> **PROBLEM REQUIREMENTS**
Transcribe all the lines below exactly. Omit the pictures.
%%
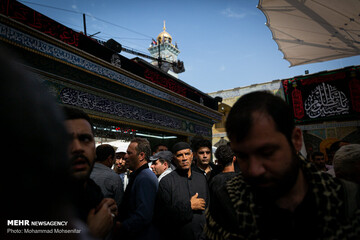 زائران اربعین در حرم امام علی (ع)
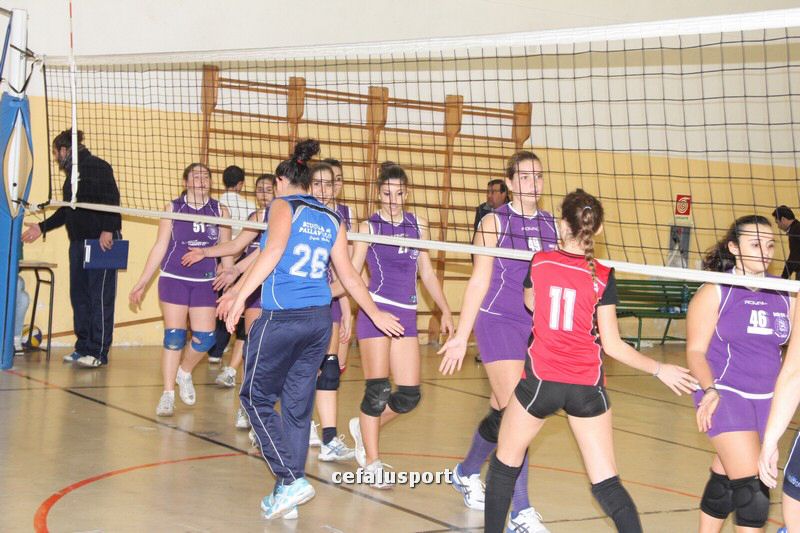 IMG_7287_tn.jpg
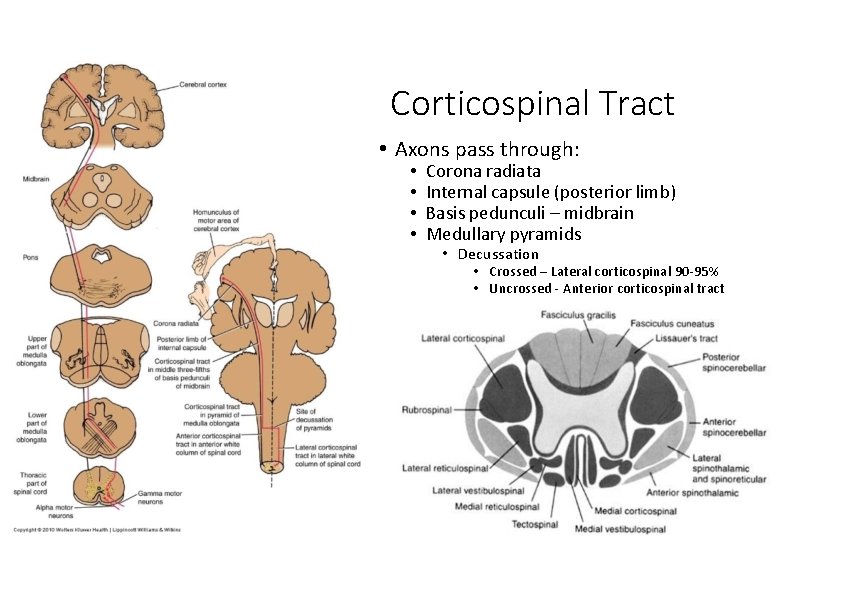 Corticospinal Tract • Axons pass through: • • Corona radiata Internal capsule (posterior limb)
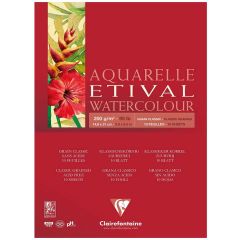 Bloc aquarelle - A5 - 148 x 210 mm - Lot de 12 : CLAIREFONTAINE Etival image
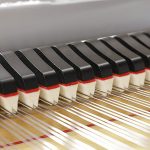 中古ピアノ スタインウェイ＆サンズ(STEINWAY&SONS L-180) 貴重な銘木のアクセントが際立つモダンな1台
%%
> **SOLUTION FOR THIS EXERCISE**
 زائران اربعین در حرم امام علی (ع)
 IMG_7287_tn.jpg
 Corticospinal Tract • Axons pass through: • • Corona radiata Internal capsule (posterior limb)
 Bloc aquarelle - A5 - 148 x 210 mm - Lot de 12 : CLAIREFONTAINE Etival image
 中古ピアノ スタインウェイ＆サンズ(STEINWAY&SONS L-180) 貴重な銘木のアクセントが際立つモダンな1台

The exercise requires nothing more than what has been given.